------ ENTRIES SUPPLIED

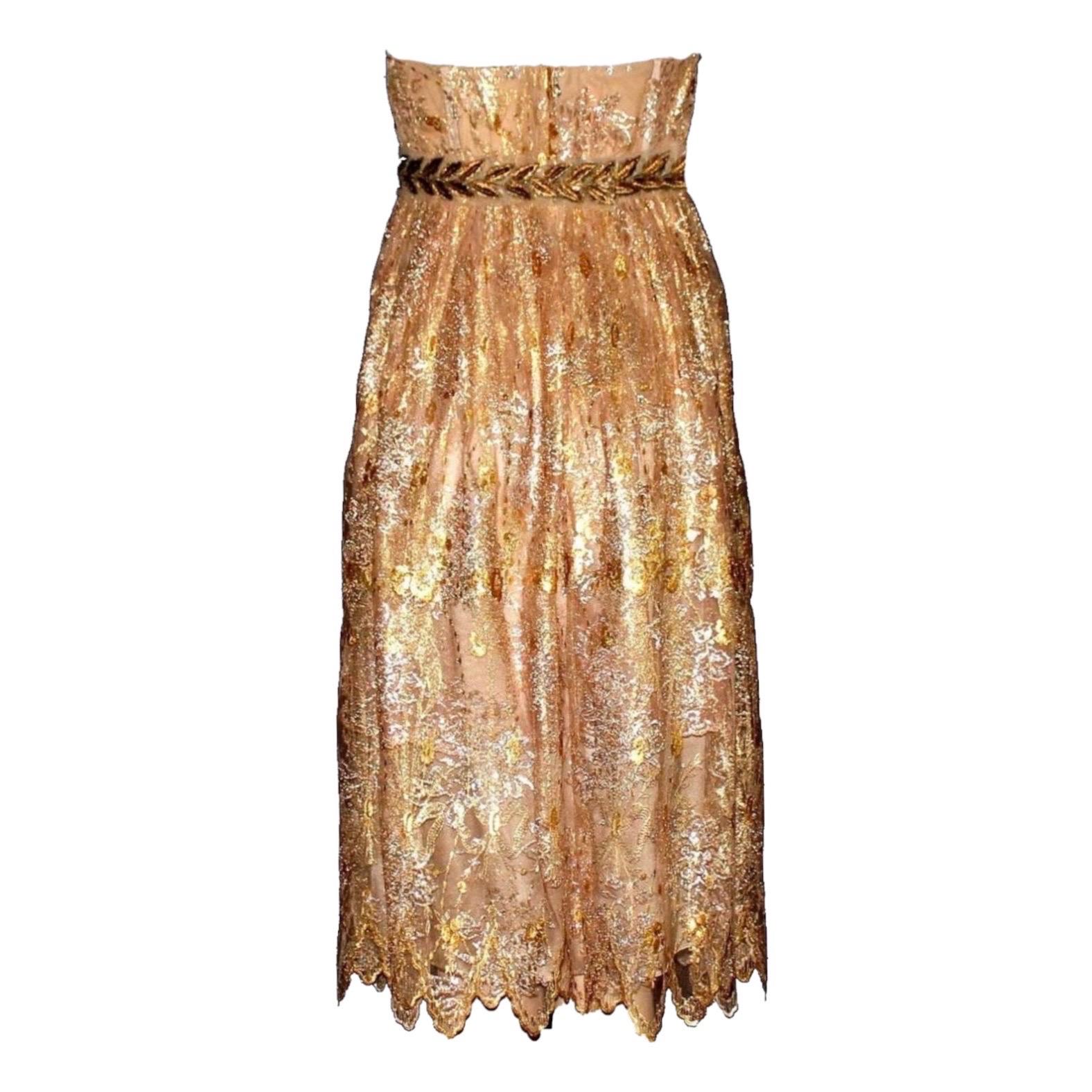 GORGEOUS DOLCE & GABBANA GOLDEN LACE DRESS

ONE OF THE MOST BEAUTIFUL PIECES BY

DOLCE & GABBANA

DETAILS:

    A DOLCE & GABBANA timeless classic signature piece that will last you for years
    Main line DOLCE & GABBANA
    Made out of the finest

------------

**WHAT IS REQUIRED**
The records above need to be copied exactly, with the pictures left out.

**THE ANSWER**
 GORGEOUS DOLCE & GABBANA GOLDEN LACE DRESS

ONE OF THE MOST BEAUTIFUL PIECES BY

DOLCE & GABBANA

DETAILS:

    A DOLCE & GABBANA timeless classic signature piece that will last you for years
    Main line DOLCE & GABBANA
    Made out of the finest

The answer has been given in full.